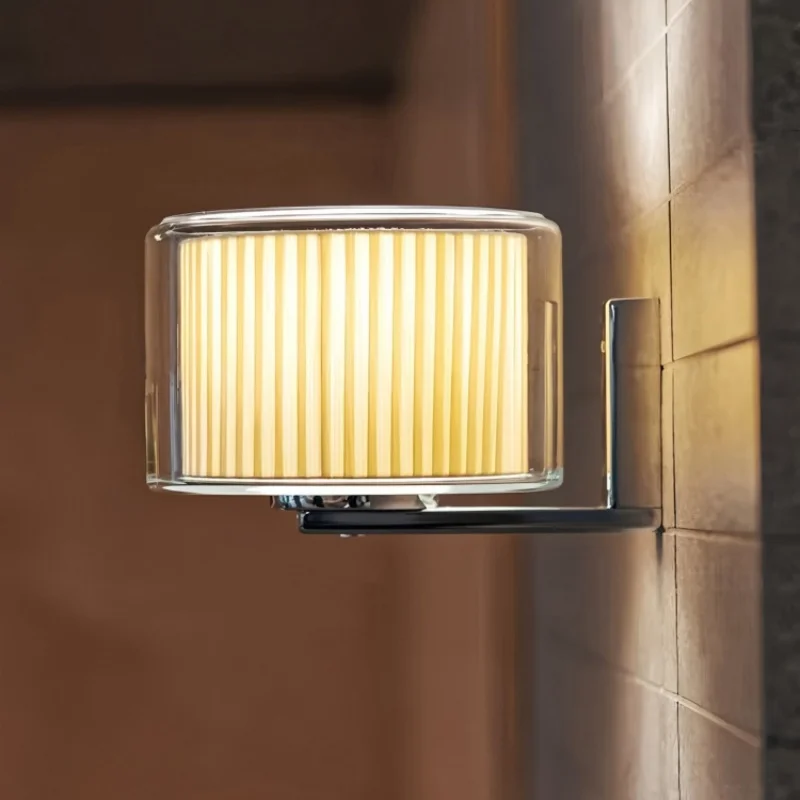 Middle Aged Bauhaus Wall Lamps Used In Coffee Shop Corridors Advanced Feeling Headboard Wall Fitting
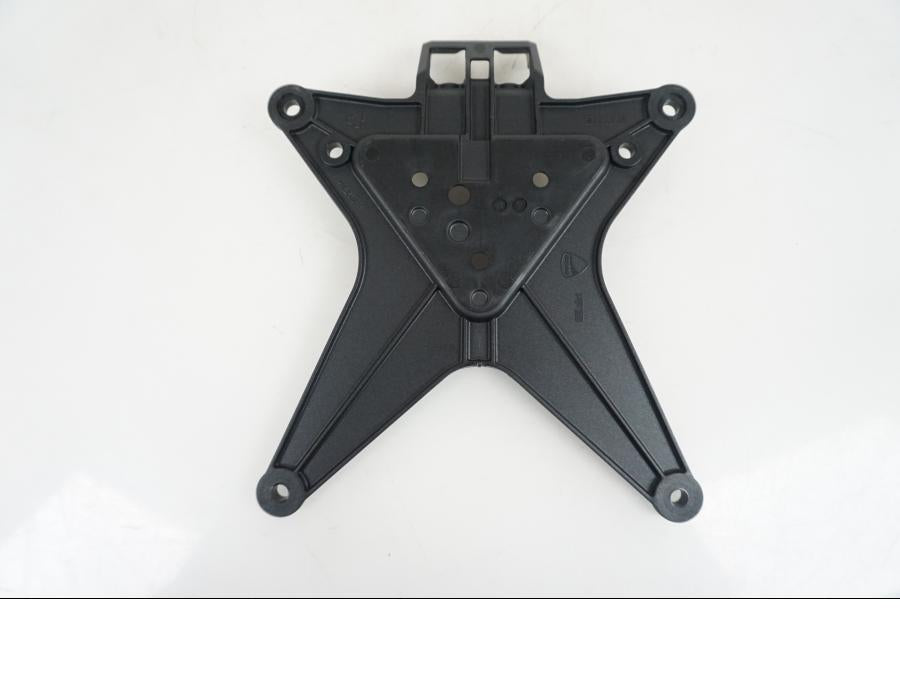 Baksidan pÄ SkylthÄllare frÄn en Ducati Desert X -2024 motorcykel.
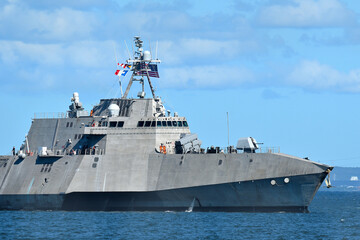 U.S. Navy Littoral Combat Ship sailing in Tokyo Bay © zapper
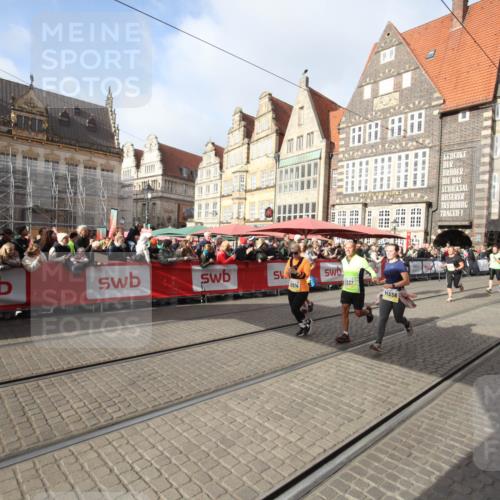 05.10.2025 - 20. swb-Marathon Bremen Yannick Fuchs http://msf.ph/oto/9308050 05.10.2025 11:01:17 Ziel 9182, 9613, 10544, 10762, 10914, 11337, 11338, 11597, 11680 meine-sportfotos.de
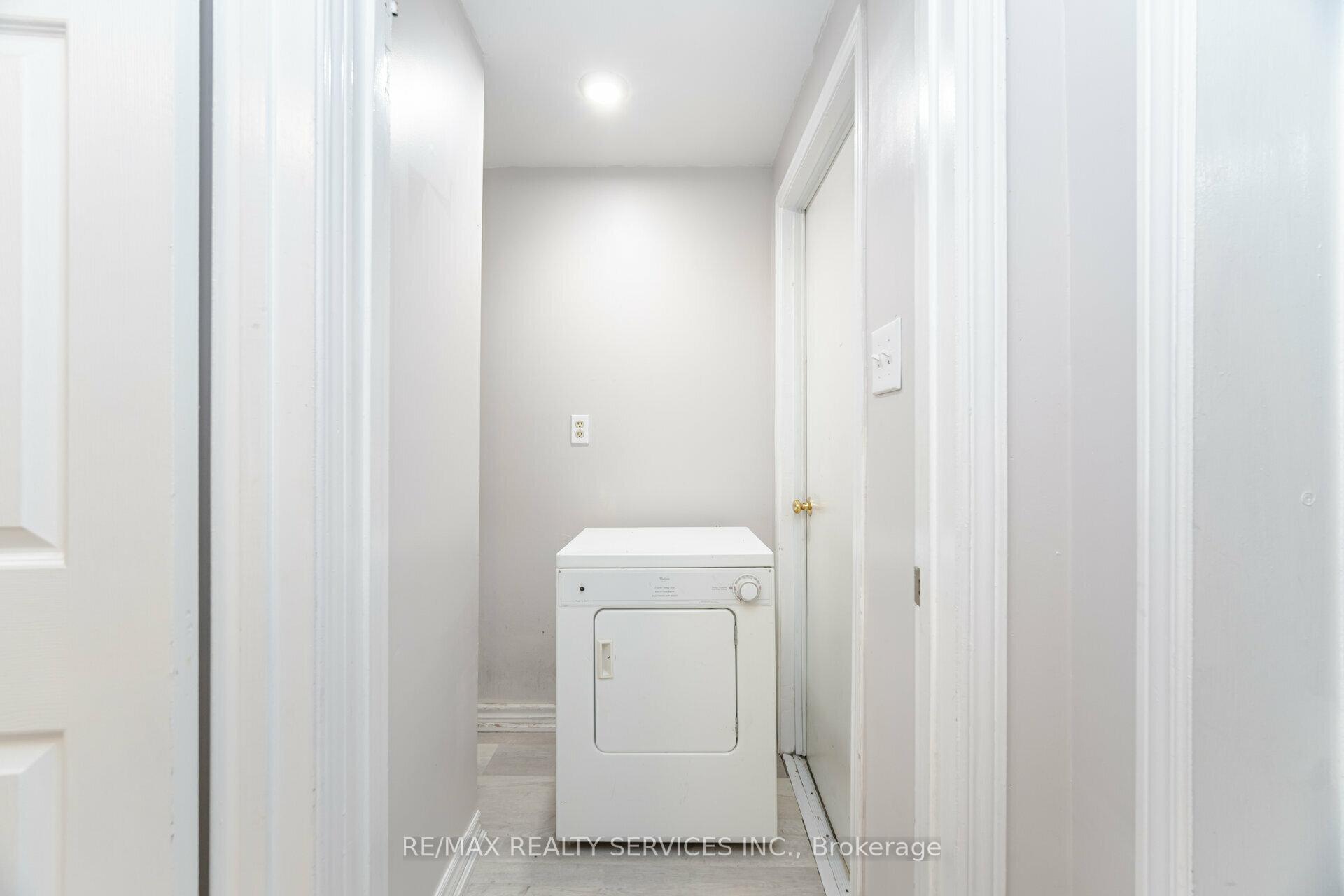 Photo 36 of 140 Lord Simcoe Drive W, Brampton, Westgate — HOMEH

☆ ☆ ☆ ☆ ☆

**EXERCISE:**
Every record above should reappear exactly, with the pictures gone.

**EXPECTED ANSWER:**
 Middle Aged Bauhaus Wall Lamps Used In Coffee Shop Corridors Advanced Feeling Headboard Wall Fitting
 Baksidan pÄ SkylthÄllare frÄn en Ducati Desert X -2024 motorcykel.
 U.S. Navy Littoral Combat Ship sailing in Tokyo Bay © zapper
 05.10.2025 - 20. swb-Marathon Bremen Yannick Fuchs http://msf.ph/oto/9308050 05.10.2025 11:01:17 Ziel 9182, 9613, 10544, 10762, 10914, 11337, 11338, 11597, 11680 meine-sportfotos.de
 Photo 36 of 140 Lord Simcoe Drive W, Brampton, Westgate — HOMEH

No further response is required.